(DATA SUPPLIED begins)

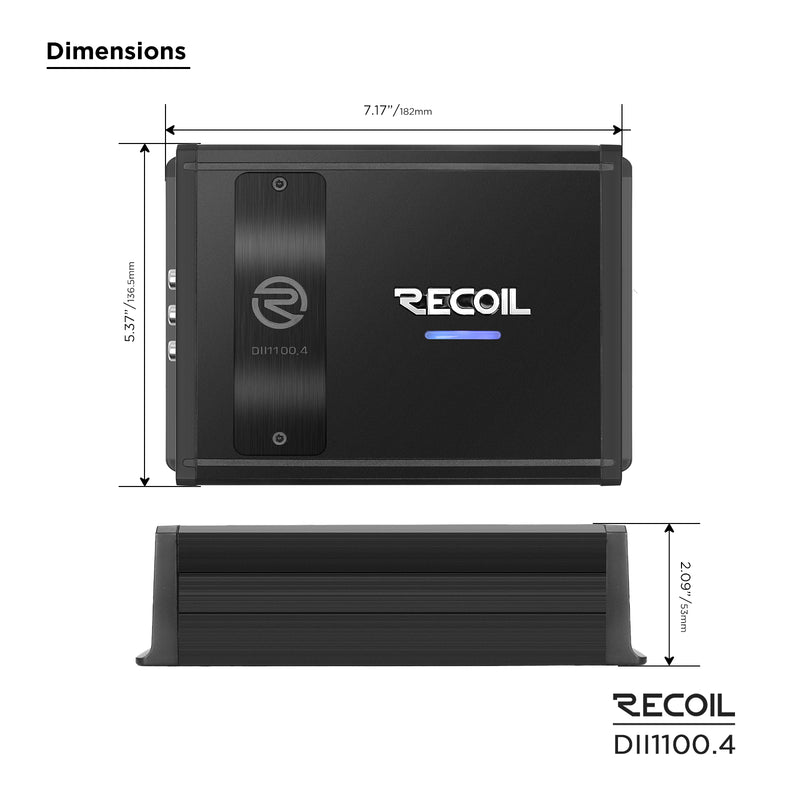 RECOIL DII1100.4 1100 WATTS CLASS-D 4-CHANNEL CAR AMPLIFIER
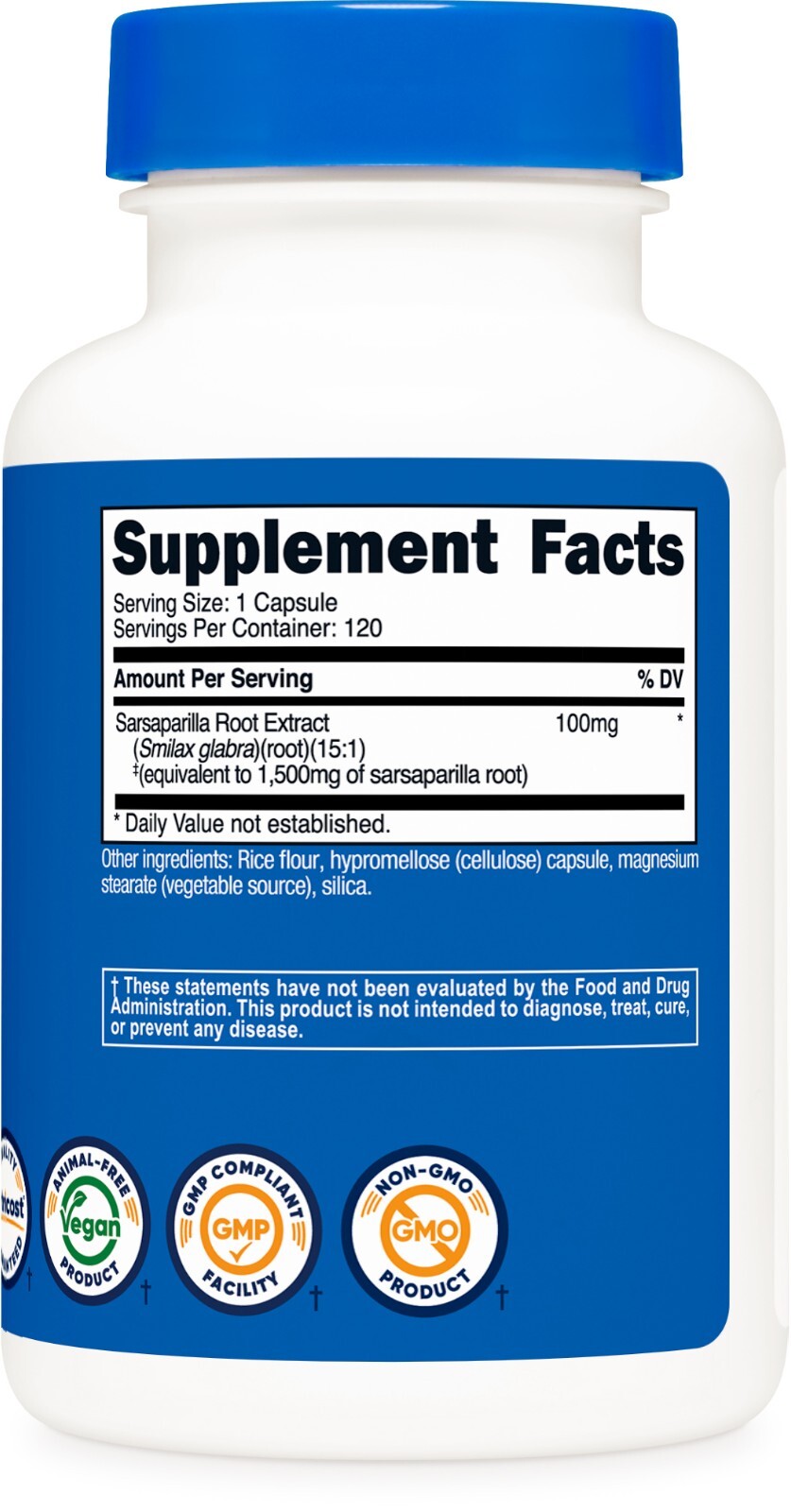 Nutricost Sarsaparilla Root Extract (1500mg Equivalent) 120 Vegan Capsules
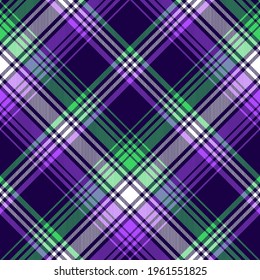 Plaid Pattern Seamless In Purple, Green, Navy Blue, White. Colorful Ombre Tartan Check Plaid Graphic Vector For Flannel Shirt, Blanket, Duvet Cover, Throw, Other Modern Fashion Fabric Design.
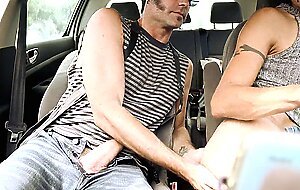 Amateur car fun - she jerks me off, sucks me & fucks me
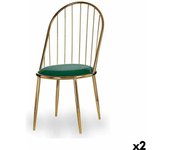 Gift Decor Silla Barras Verde Dorado Hierro 48 X 95,5 X 48 Cm (2 Unidades) - Cuidado de Cada Detalle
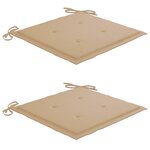 vidaXL Ensemble de bistro 3Pièces avec coussins beige Bois de teck massif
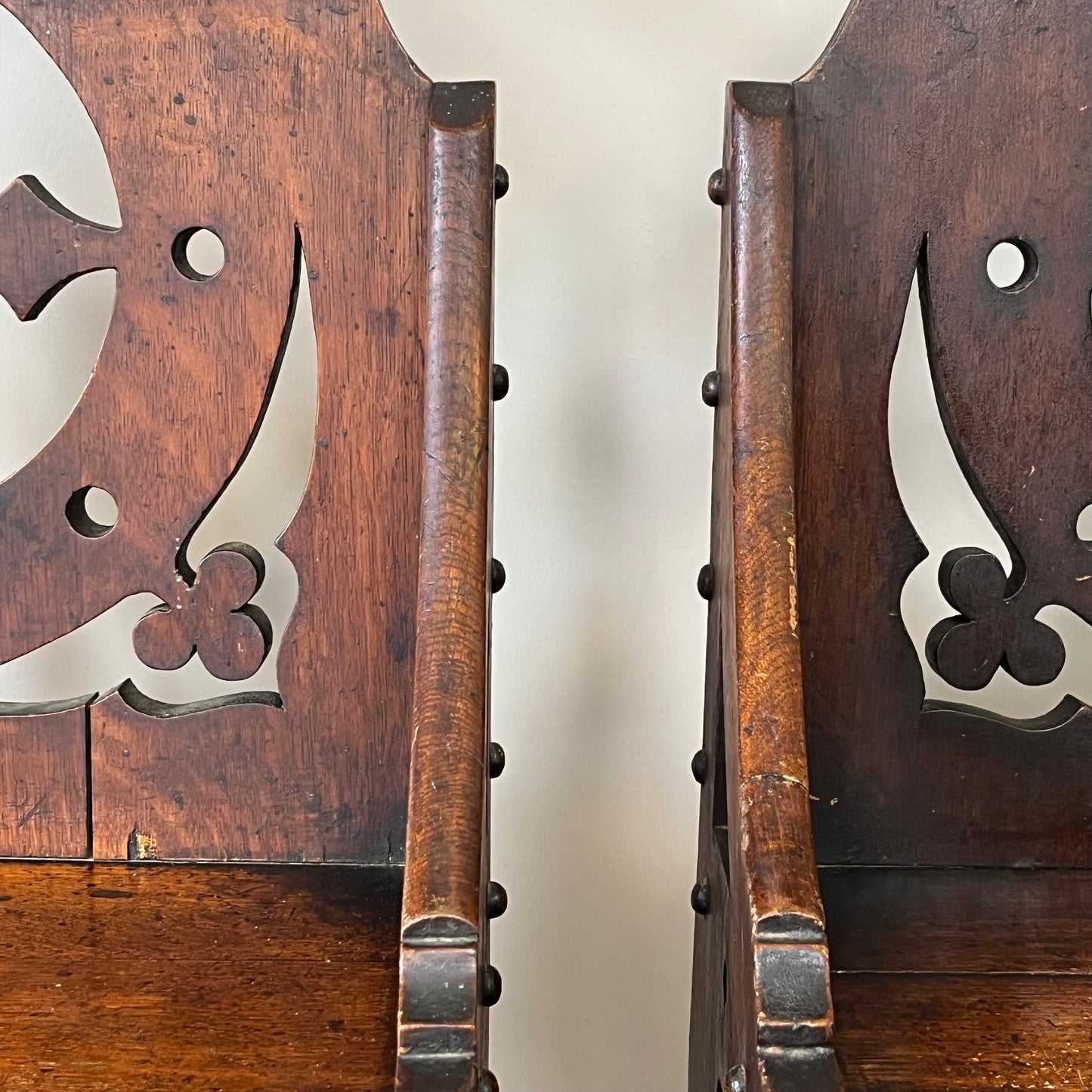 Pair Of Gothic Oak Chairs.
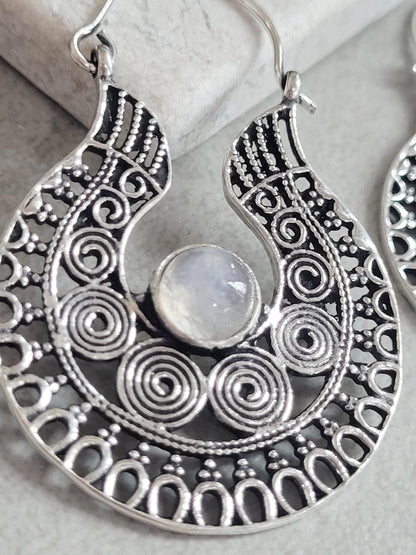Silver detailed earrings / Bohemian jewelry / Gift for her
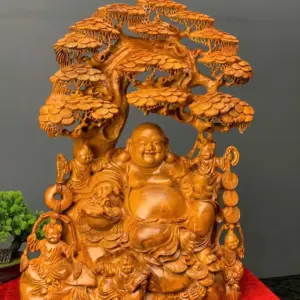 di-lac-go-huong-ta-G5415-3 Tượng Di Lặc Gỗ Hương Ta Liền Khối G5415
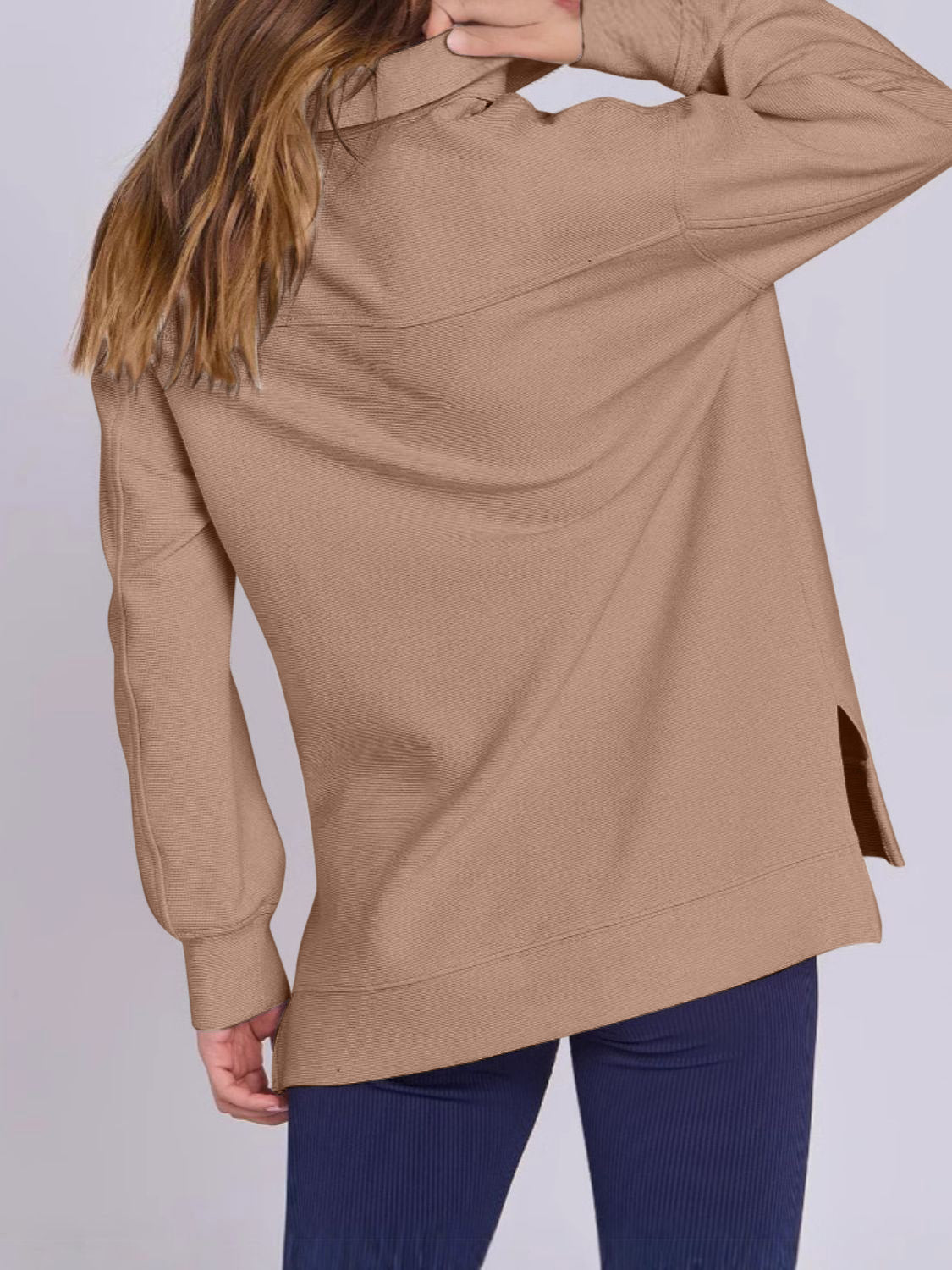 ฺHigh-Low Quarter Zip Long Sleeve Sweatshirt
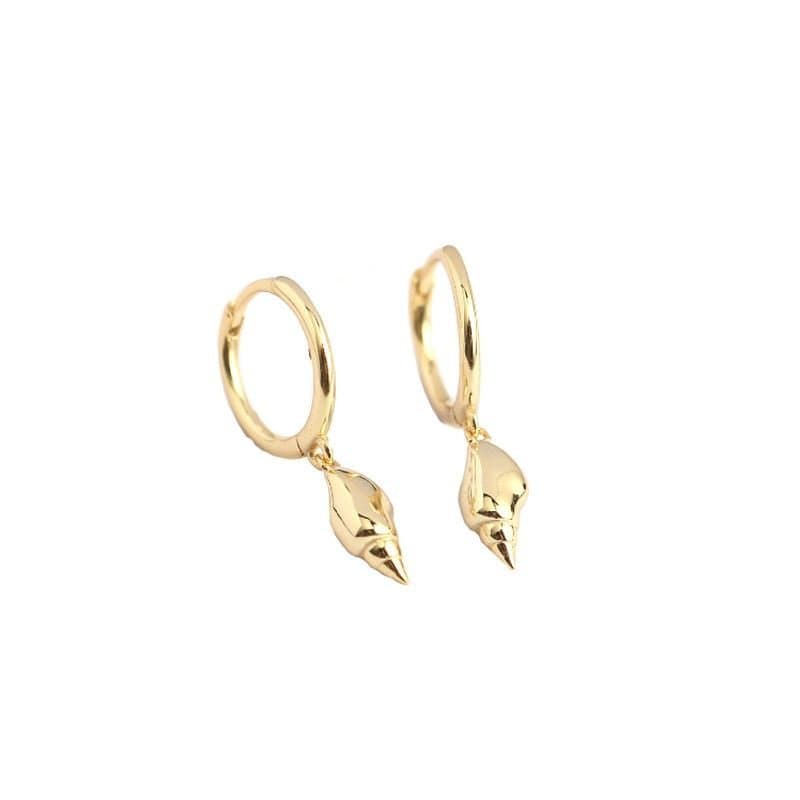 Geometric Shell Conch 925 Sterling Silver Hoop Earrings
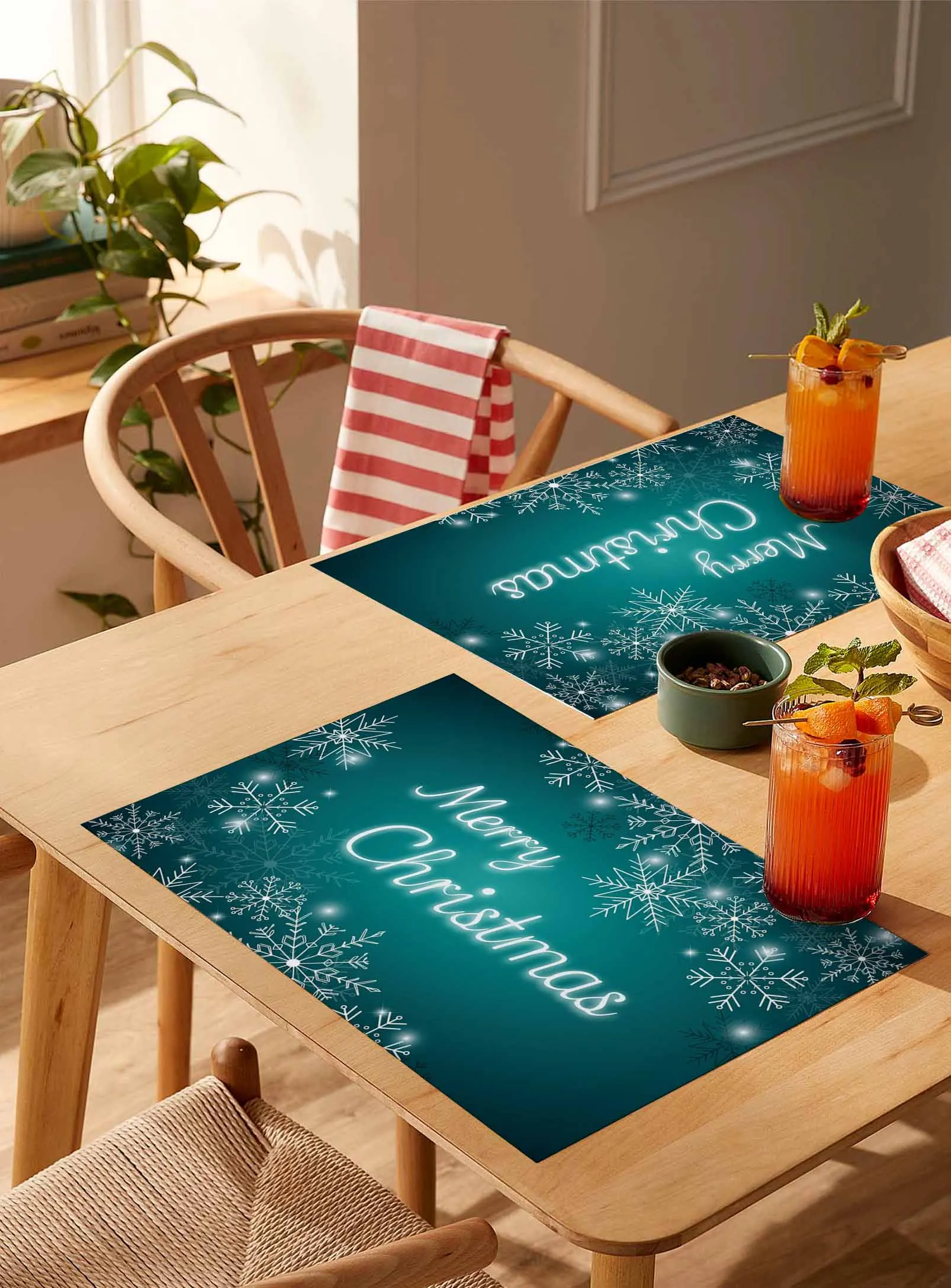 

4/6 Pcs Gradient Dream Snowflake Placemat Wedding Party Dining Decor Linen Table Mat Kitchen Accessories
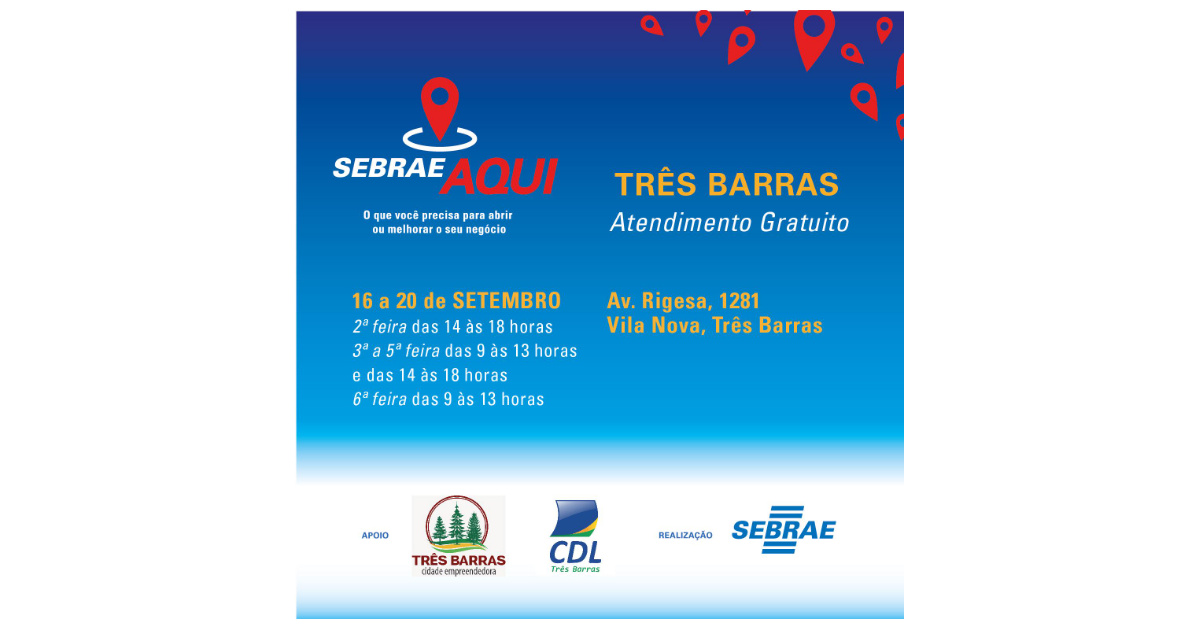 Unidade móvel do Sebrae estará em Três Barras para orientar a população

(DATA SUPPLIED ends)

* **ABOUT THIS TASK**
The line containing "Pair Of Gothic Oak Chairs." and every line after it, through the end of the material above, are to be printed exactly; no pictures belong in the output.

* **ANSWER TO THIS TASK**
 Pair Of Gothic Oak Chairs.
Silver detailed earrings / Bohemian jewelry / Gift for her
 di-lac-go-huong-ta-G5415-3 Tượng Di Lặc Gỗ Hương Ta Liền Khối G5415
 ฺHigh-Low Quarter Zip Long Sleeve Sweatshirt
 Geometric Shell Conch 925 Sterling Silver Hoop Earrings

4/6 Pcs Gradient Dream Snowflake Placemat Wedding Party Dining Decor Linen Table Mat Kitchen Accessories
 Unidade móvel do Sebrae estará em Três Barras para orientar a população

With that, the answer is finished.